Reducing the Codimension by Generic Projection

We have developed manifolds as abstract objects, glued from charts with no reference to any surrounding space. Yet our pictures of them have always been of surfaces sitting in \(\mathbb{R}^3\), or curves in the plane — subsets of a Euclidean space. The first application of Sard's theorem justifies that habit completely: every smooth manifold can be realized as a submanifold of some \(\mathbb{R}^N\), and in fact of one whose dimension is controlled by the manifold's own. This is the Whitney embedding theorem, and the work of this page is to prove it.

The strategy has two movements. It is comparatively easy to embed a manifold into some Euclidean space of possibly enormous dimension, by patching together finitely or countably many charts. The substance of the theorem lies in driving that dimension back down to a controlled value. The engine for the descent is Sard's theorem in the form proved on the previous page: the image of a smooth map from a lower-dimensional domain is negligible, so almost every direction is safe to project along. We begin with the single step that removes one dimension, then iterate it.
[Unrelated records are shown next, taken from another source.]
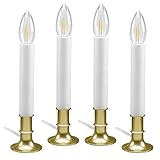 612 Vermont Electric LED Window Candles with Shatterproof Warm White Bulbs, On/Off Switch, VT-1160B-4 (Brass, Pack of 4)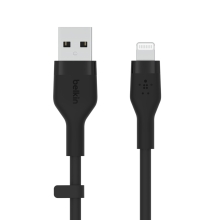 Cable Belkin USB-A macho a Lightning macho silicona clip 1m negro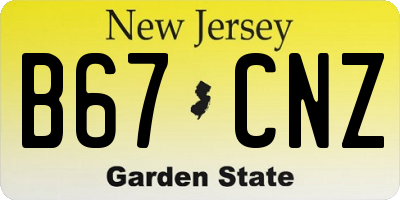 NJ license plate B67CNZ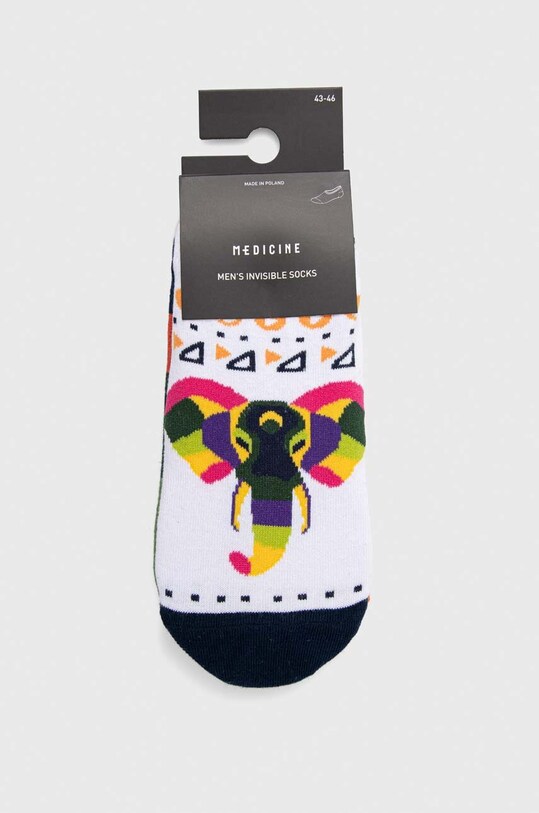 Odzież Skarpetki męskie bawełniane wzorzyste (3-pack) kolor biały RS23.LGM805 biały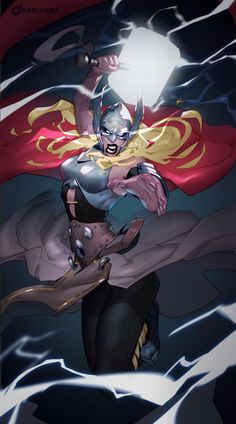 Thor Drawing, Thor Valkyrie, Badass Female, Thor Art, Female Thor, Thor Comic, Jane Foster, The Mighty Thor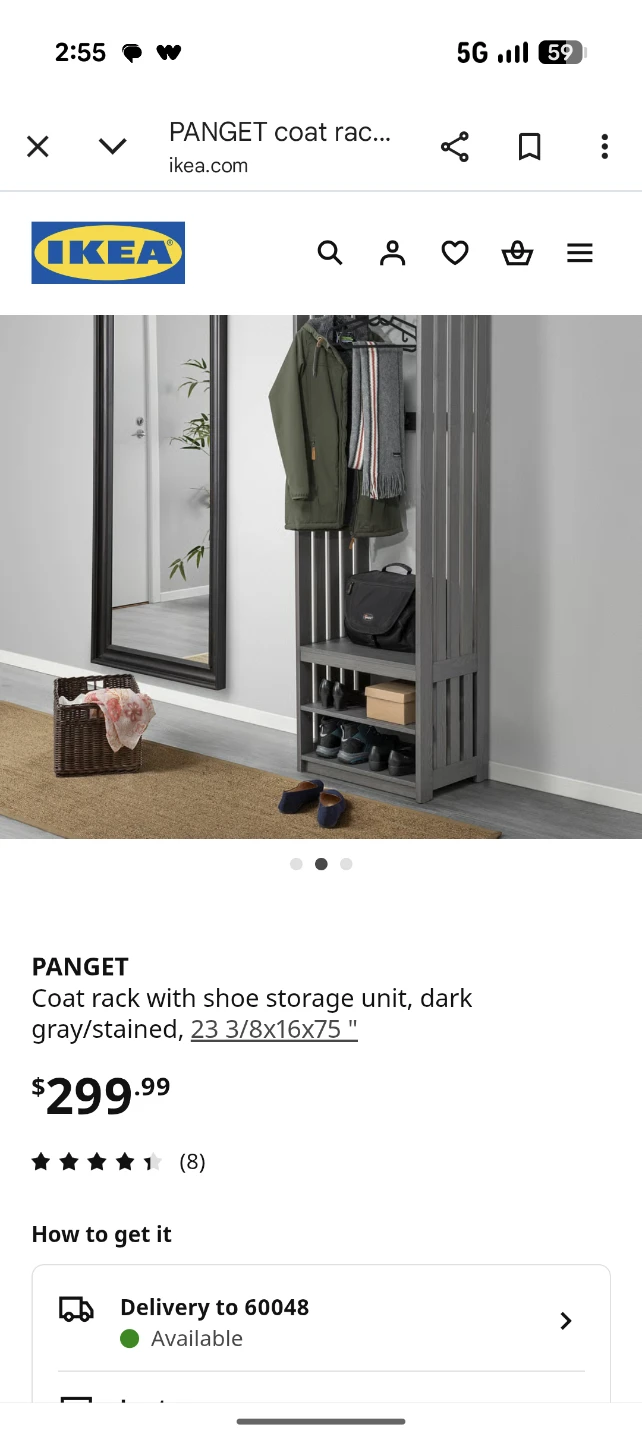 IKEA PANGET Coat Rack with Shoe Storage - Dark Gray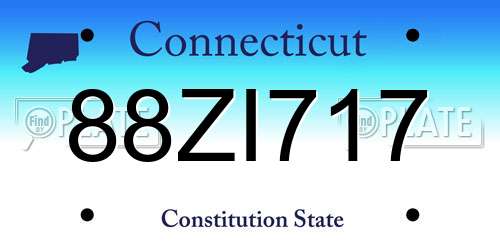 88ZI717 Connecticut License Plate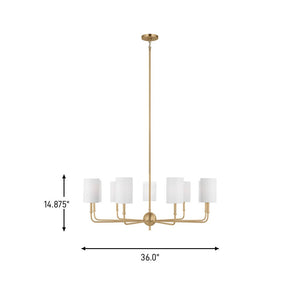 Visual Comfort Studio - 3109309-848 - Nine Light Chandelier - Foxdale - Satin Brass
Fix a manifold already sitting inside \(\mathbb{R}^N\) and a vector \(v\) whose last coordinate is nonzero; projecting along the line \(\mathbb{R}v\) onto the coordinate hyperplane \(\mathbb{R}^{N-1}\) of vectors with vanishing last coordinate lowers the ambient dimension by one. This projection can fail to be injective — if two points of the manifold differ by a multiple of \(v\), they collapse onto each other — and it can fail to be an immersion — if some tangent vector points along \(v\), it is killed. The next lemma shows that both failures are rare: as long as the ambient dimension is large enough relative to the manifold's dimension, almost every direction \(v\) avoids them.

Lemma (Generic Projections Reduce Codimension)
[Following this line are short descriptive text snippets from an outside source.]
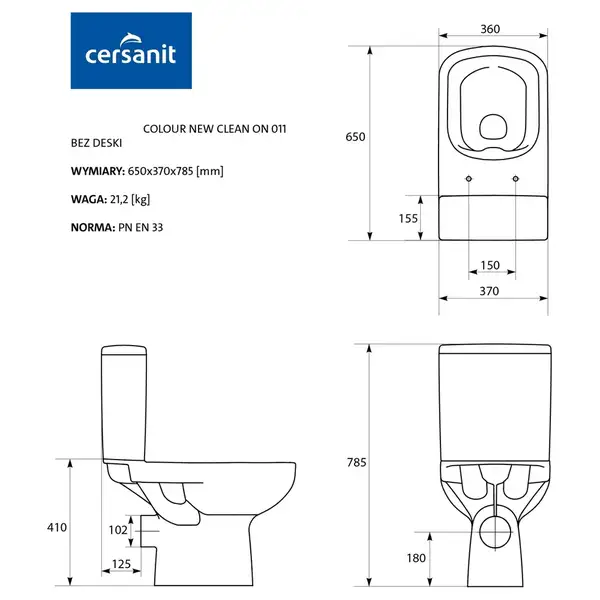 Cersanit Компакт 575 Colour Clean On, з кришкою (CCKZ1013501894)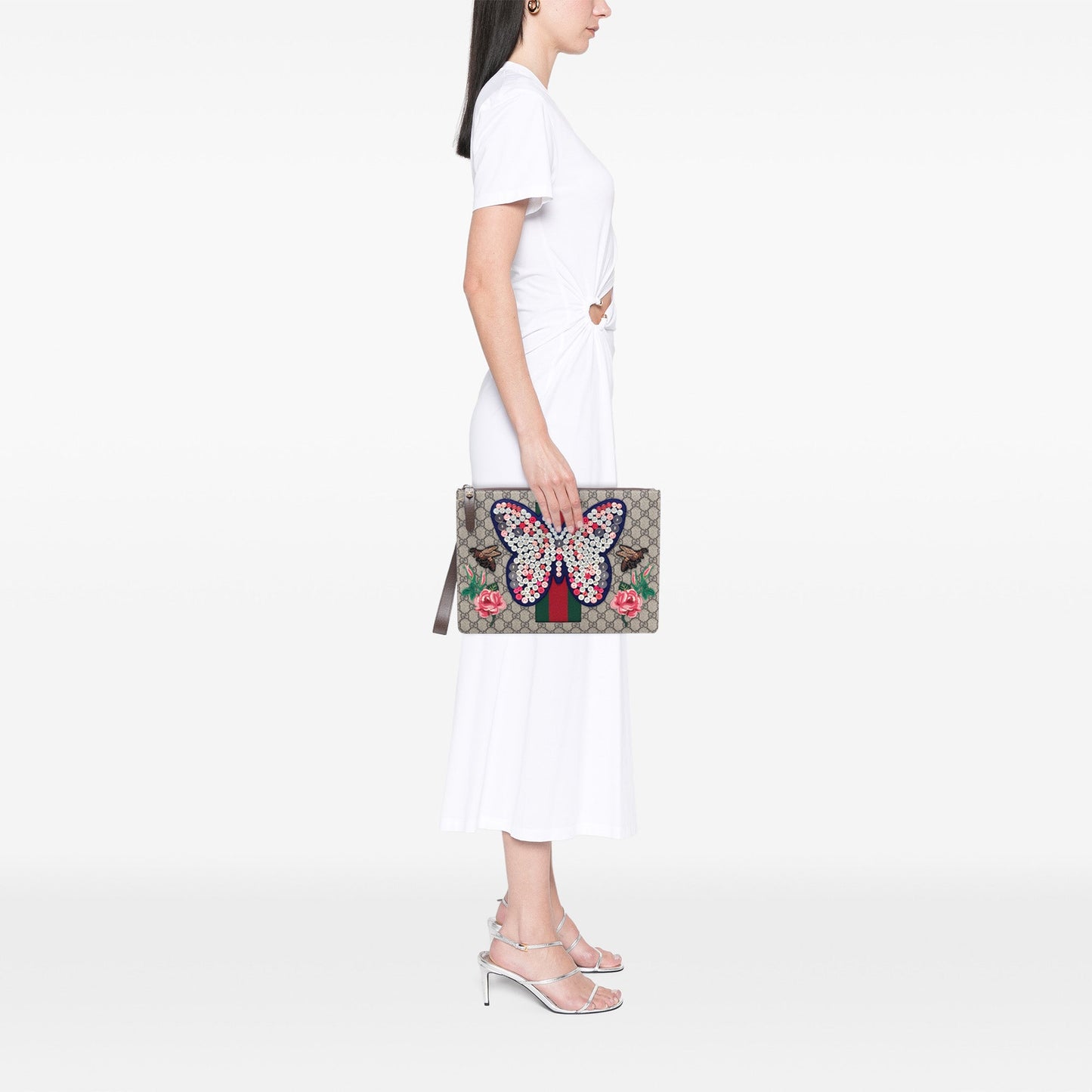 GG Supreme Web Butterfly Clutch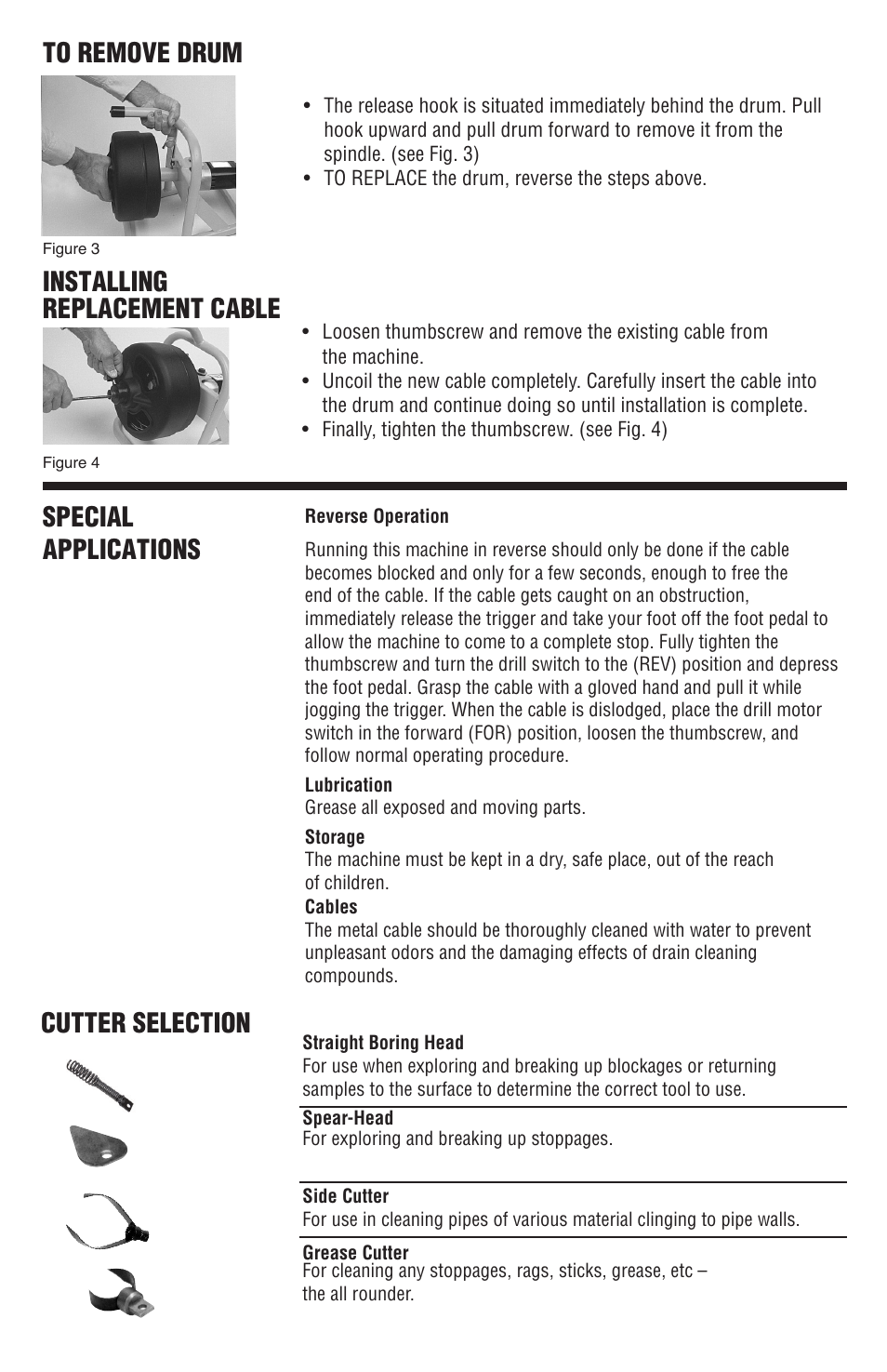 Installing replacement cable, Special applications, Cutter selection | BrassCraft 20 Series User Manual | Page 5 / 6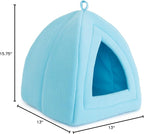 Cat House - Indoor Bed with Removable Foam Cushion - Pet Tent for Puppies, Rabbits, Guinea Pigs, Hedgehogs, and Other Small Animals by PETMAKER (Blue)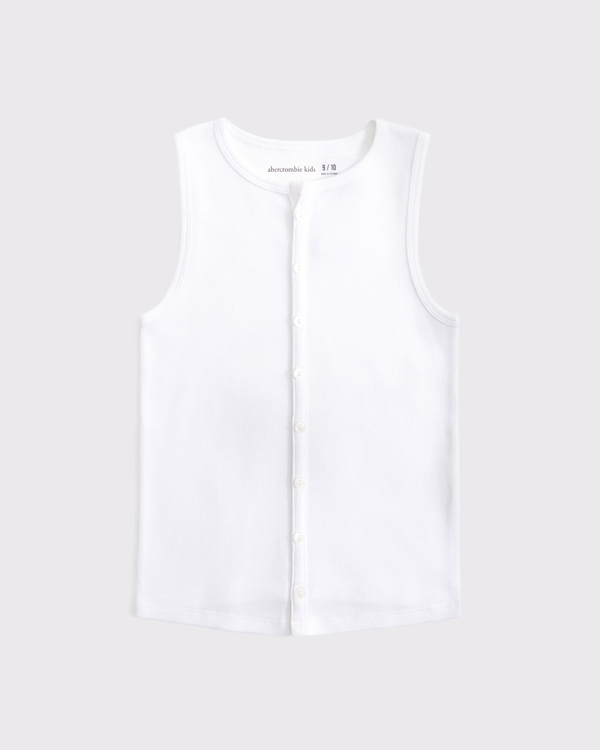button-through tank, White view 1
Suppose \(M \subseteq \mathbb{R}^N\) is a smooth \(n\)-dimensional submanifold without boundary. For a vector \(v \in \mathbb{R}^N \setminus \mathbb{R}^{N-1}\) — that is, with nonzero last coordinate — let \(\pi_v : \mathbb{R}^N \to \mathbb{R}^{N-1}\) denote the projection with kernel the line \(\mathbb{R}v\), identifying \(\mathbb{R}^{N-1}\) with the subspace of vectors whose last coordinate is zero. If \(N \gt 2n + 1\), then the set of vectors \(v\) for which \(\pi_v|_M\) is an injective immersion of \(M\) into \(\mathbb{R}^{N-1}\) is dense.

Proof.

We translate the two requirements on \(\pi_v\) into conditions on the direction \([v]\), and then show that the bad directions form a negligible set. For \(\pi_v|_M\) to be injective, it is necessary and sufficient that no two distinct points \(p, q \in M\) have \(p - q\) parallel to \(v\): if they did, they would project to the same point, and conversely. For \(\pi_v|_M\) to be an immersion, it is necessary and sufficient that no nonzero tangent vector of \(M\) be parallel to \(v\). Indeed, \(\pi_v\) is linear, so its differential at any point is \(\pi_v\) itself under the usual identification of the tangent space of \(\mathbb{R}^N\) with \(\mathbb{R}^N\); its kernel is \(\mathbb{R}v\), and the restriction to \(T_pM\) is injective exactly when \(T_pM\) meets \(\mathbb{R}v\) only at the origin.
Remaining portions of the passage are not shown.